Economics Research Intern

- with full-time offer

Thumbtack

June - Sep 2017

 

• Created an interactive choropleth map using D3.js showing important company metrics across the US on various geographical levels. This tool was presented to the CEO and is still used by the Marketing/Product team.

• Built dashboards on Mode Analytics (SQL & Python), which were presented to policymakers around the US, and at conferences in Washington D.C.

• Analyzed the final results for the annual Small Business Friendliness Survey


Founder/President

Data Science Toronto

2016 - 2017

 

• Founded the first official Data Science Club at the University of Toronto, sponsored by IBM’s Big Data University.

• Organized workshops, seminars, and networking events to help students Hone their data science skills.

• Grew the student club to ~500 members within a year, with an executive team of 6 members.

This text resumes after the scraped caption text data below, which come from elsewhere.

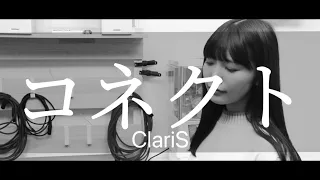 【歌ってみた】コネクト/ClariS covered by Reona Matsushita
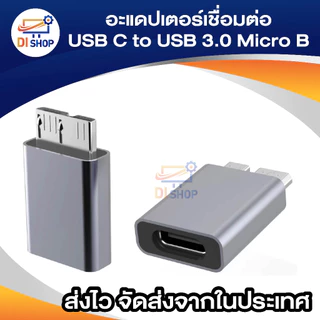 อะแดปเตอร์แปลง USB Type C ตัวเมีย เป็น USB 3.0 Micro B ตัวผู้ ชาร์จเร็ว Usb Micro 3.0 เป็น Type C ความเร็วสูง สําหรับHdd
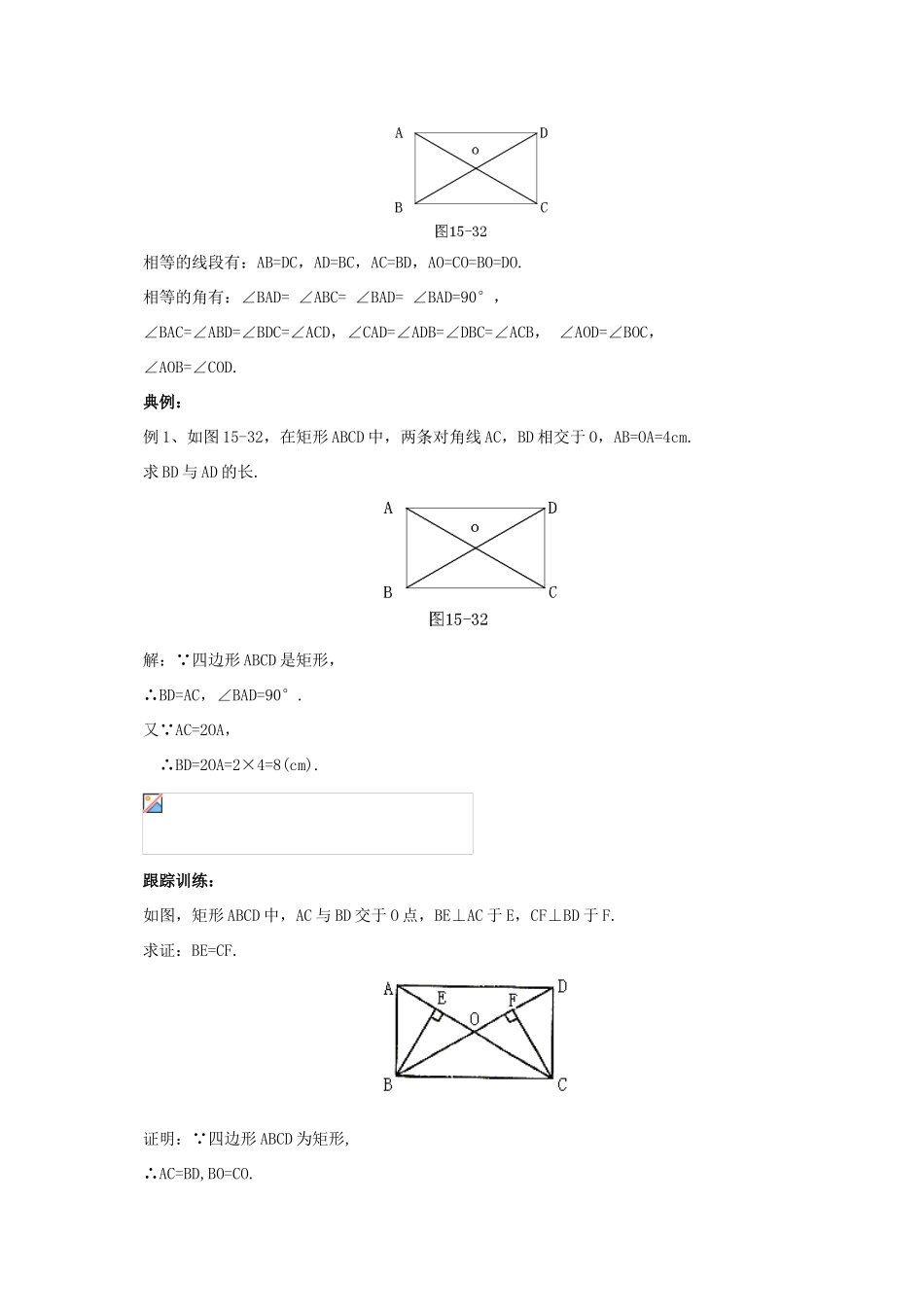 八年级数学下册 15.4.1 特殊的平行四边形的性质与判定教案 （新版）北京课改版-北京课改版初中八年级下册数学教案_第3页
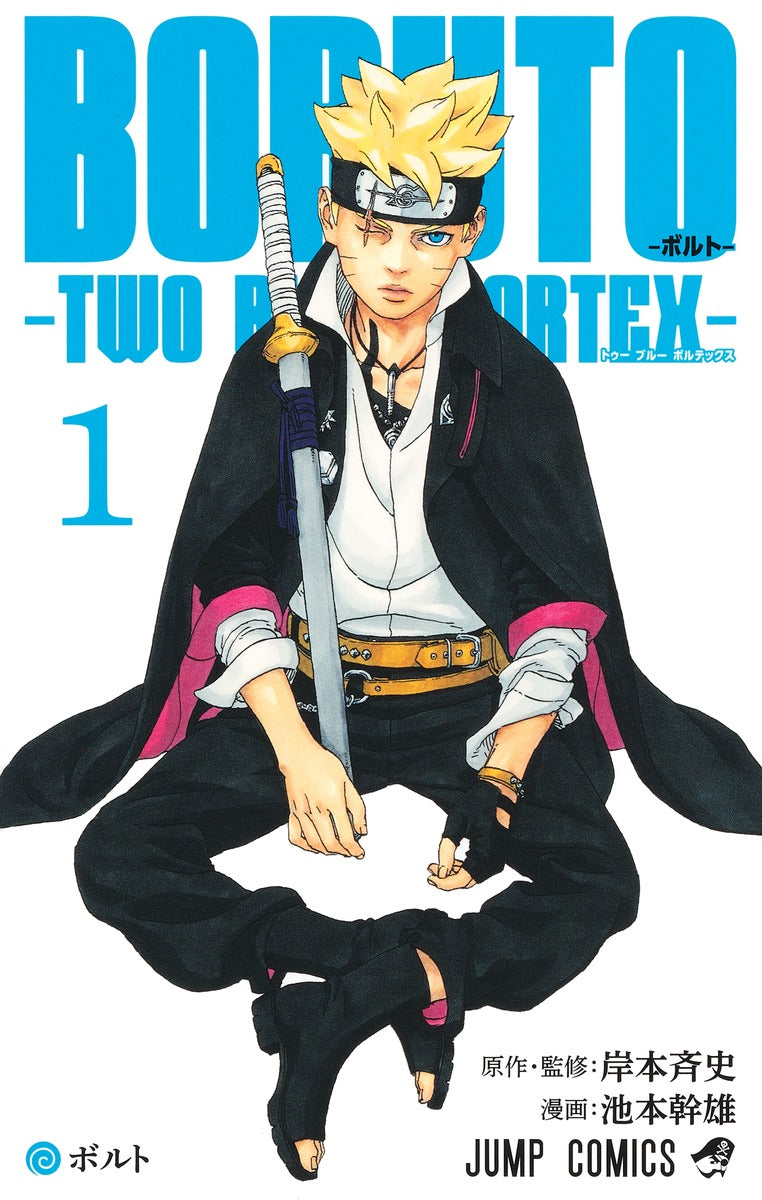 Boruto: Two Blue Vortex Vol. 1–7 Manga Set Japanese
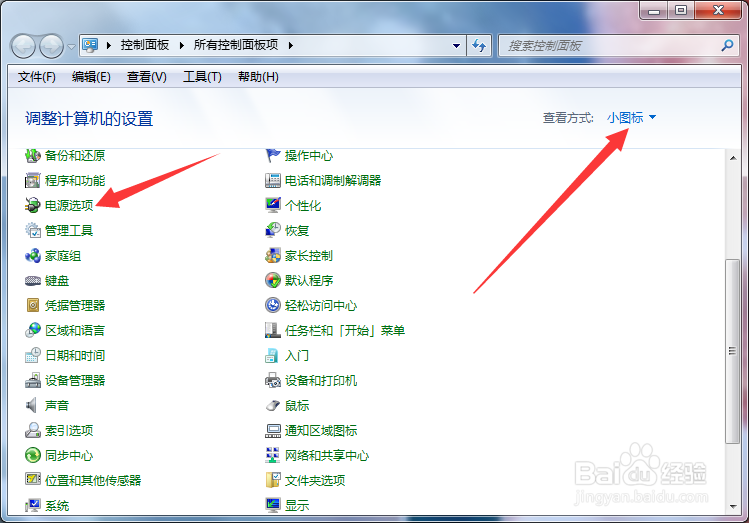 电脑显示器总是黑屏怎么办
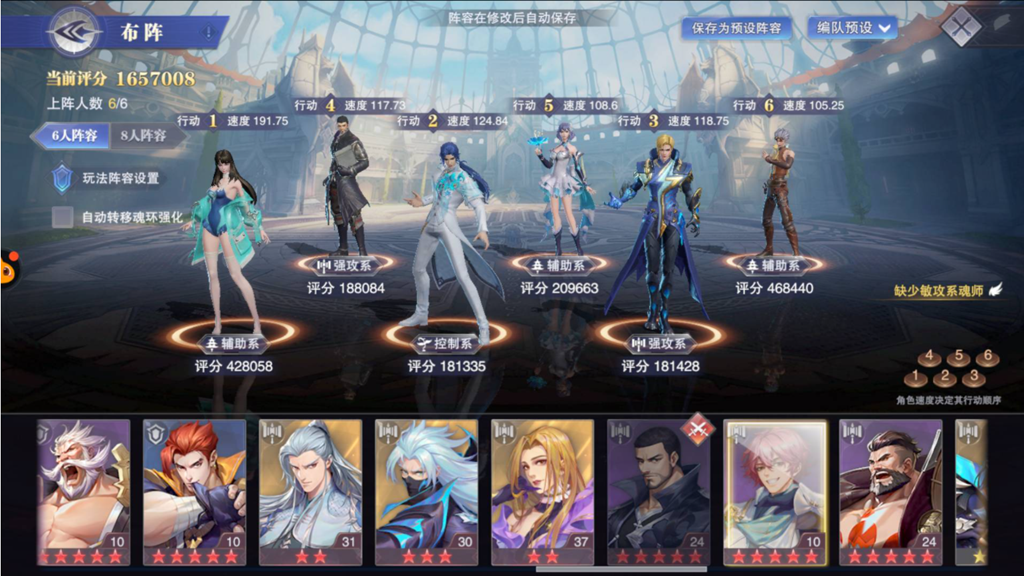 斗罗大陆魂师对决玉天心魂骨攻略-斗罗大陆魂师对决玉天心魂骨搭配图片3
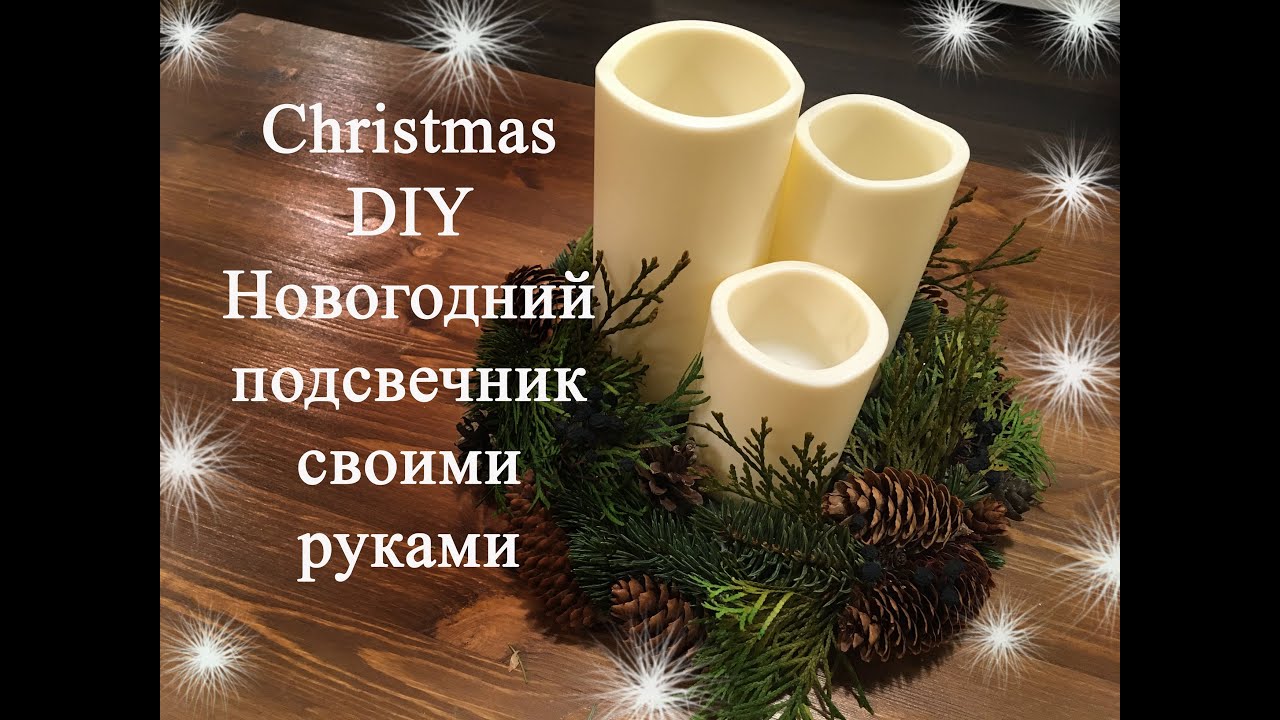 Подсвечник Новогодний Холидей Классик Подсвечник Новогодний Холидей Классик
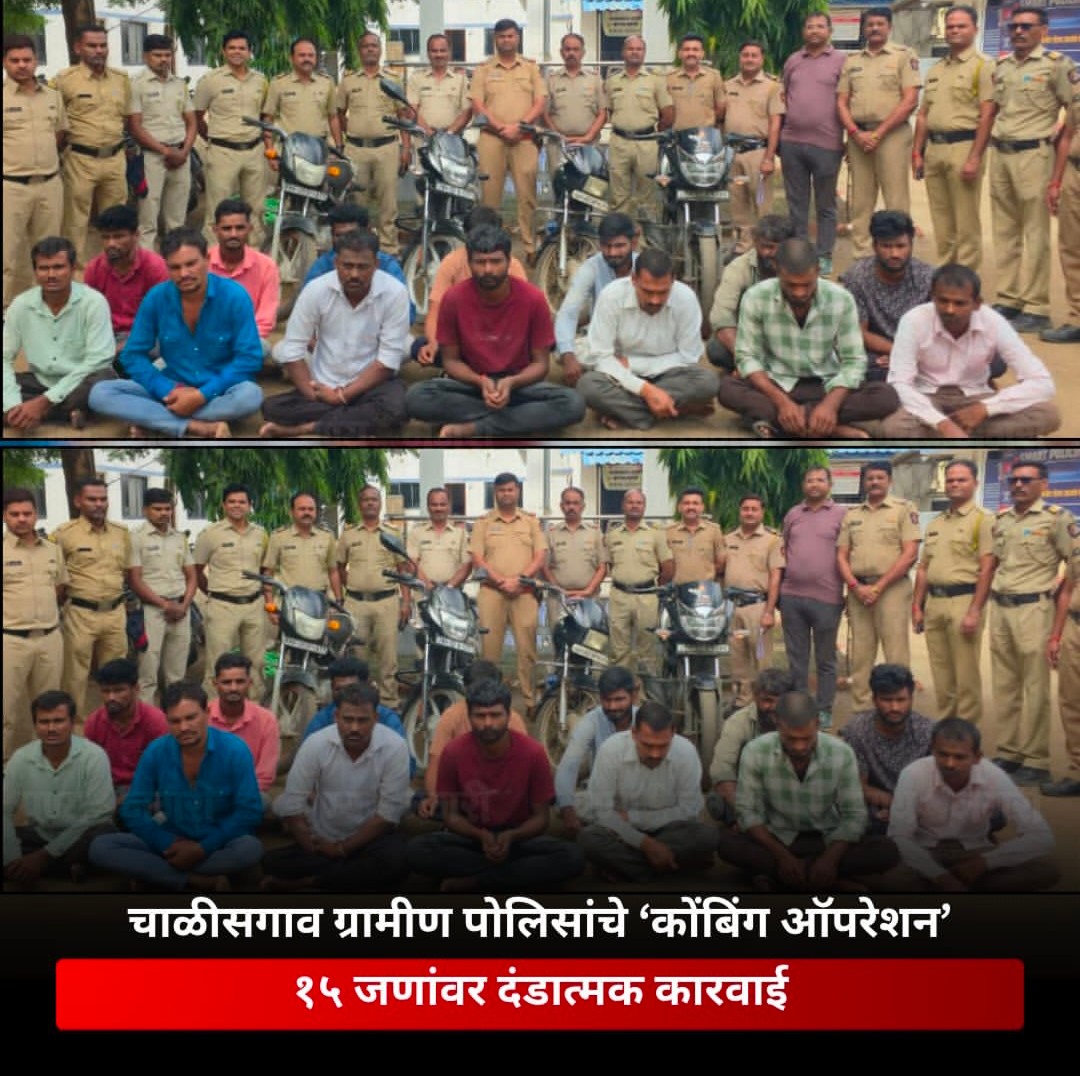 चालीसगांव ग्रामीण पुलिस का 'कोंबिंग ऑपरेशन': 15 अपराधियों पर दंडात्मक कार्रवाई, 4 मोटरसाइकिलें जब्त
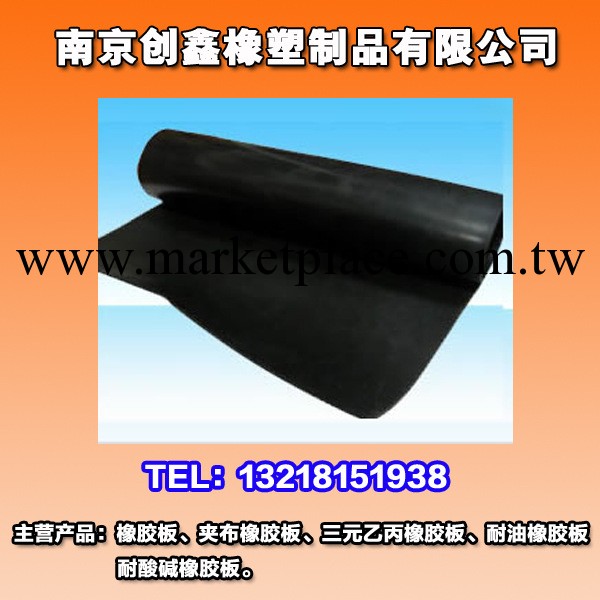 【量大價低】南京專業橡膠板廠傢供應黑色耐酸堿橡膠板，支持網付工廠,批發,進口,代購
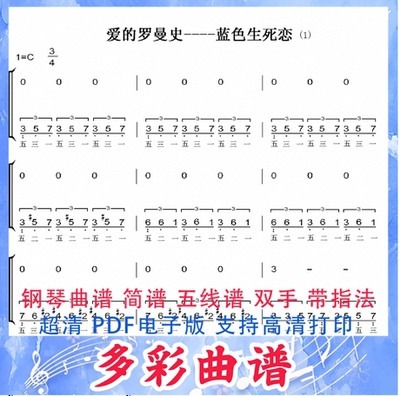 01014爱的罗曼史-理查德.克莱德曼 钢琴曲简谱双手带指法4页外国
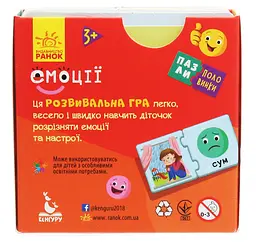 Пазли-половинки Кенгуру Емоції (349789) - мініатюра 2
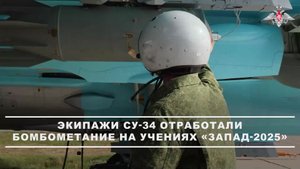 ✈️ Экипажи ВКС уничтожили инфраструктуру условного противника в рамках учения «Запад-2025»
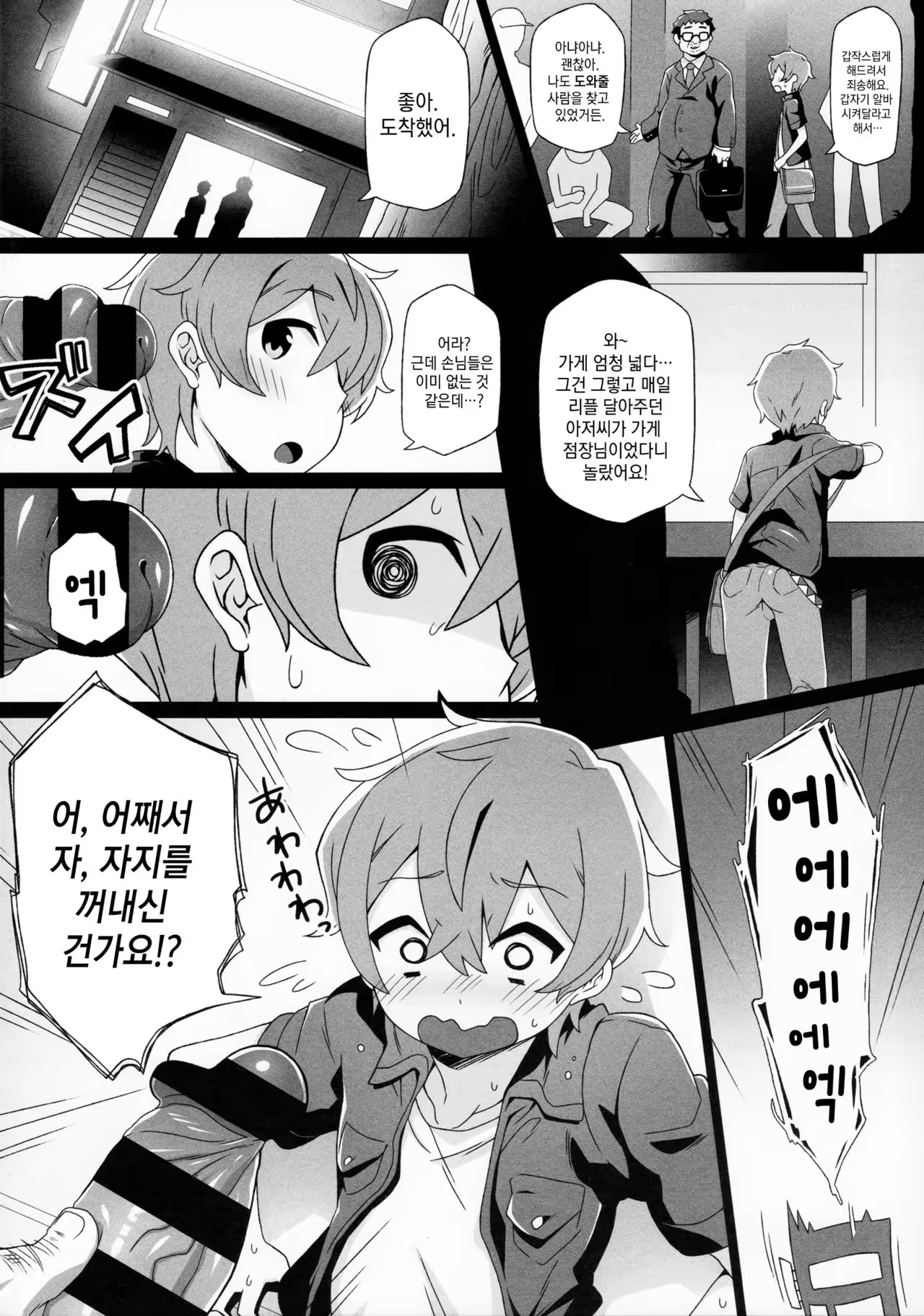 Content 969459 - 8 페이지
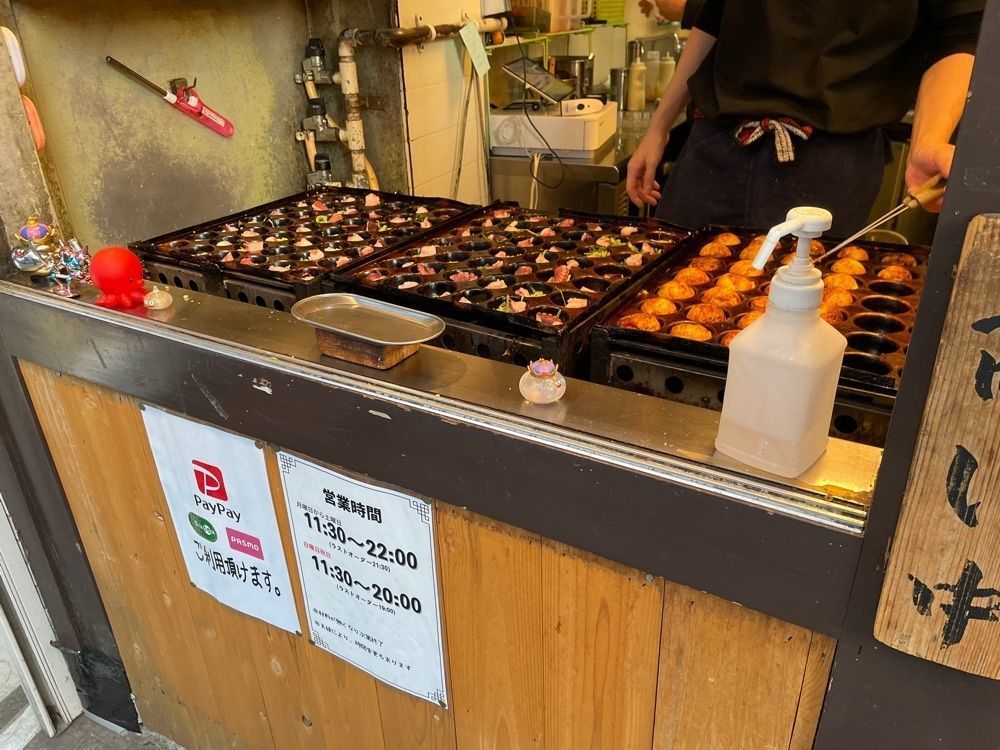 ぷだおくんさんが投稿したわいたこ いちばん店に関する口コミの画像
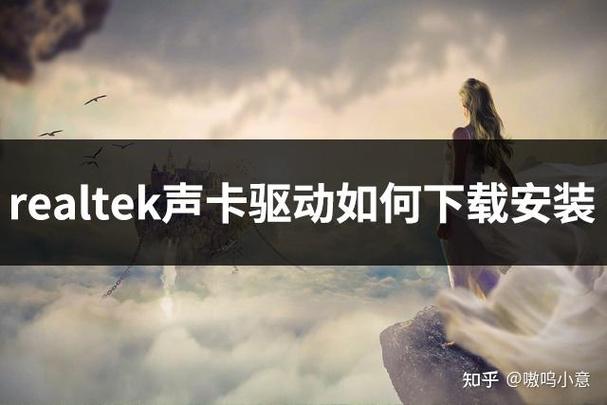 聲卡驅動怎么卸載重裝，聲卡驅動怎么安裝失敗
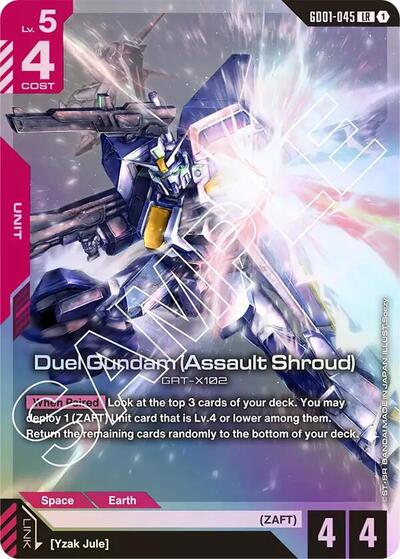 Duel Gundam (Assault Shroud) Newtype Rising Legend Rare Gundam card — value and price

Data Science Toronto is still currently active at UofT.


Course Developer

IBM - Big Data University

Oct 2016 - Feb 2017

 

Developed the course “Data Analysis with Python” for Big Data University, a community outreach by IBM. The course, which includes topics like model development and validation, is now available for the 1 million users on their platform.


Director of Business Development

You’re Next Career Network

2016 - 2017

 

• Organized Canada’s largest Startup Career Fair with 90+ startups and 2000+ attendees.

• Organized a workshop on Data Mining by IBM and a data hackathon.


Data Analytics Intern

- with full-time offer

Whistle

May - August 2016

 

Whistle Labs has the largest comparative database of pet health information.

Nutritional Research: developed an improved logistic regression model for recommending daily caloric intake.

Financial Analysis: researched why users switch between subscription plans.

Geocoding: analyzed GPS location data to cluster activity events.

Data Journalism: produced data-backed articles with the PR team for Tech Insider.


Behavioral Economics Research Assistant

Rotman School of Management

2015 - 2017

 

Responsible for designing and conducting experiments, and for independent data collection and analysis for a research on consumer decision-making: Pairwise Normalization: A neuroeconomic theory or multi- attribute choice.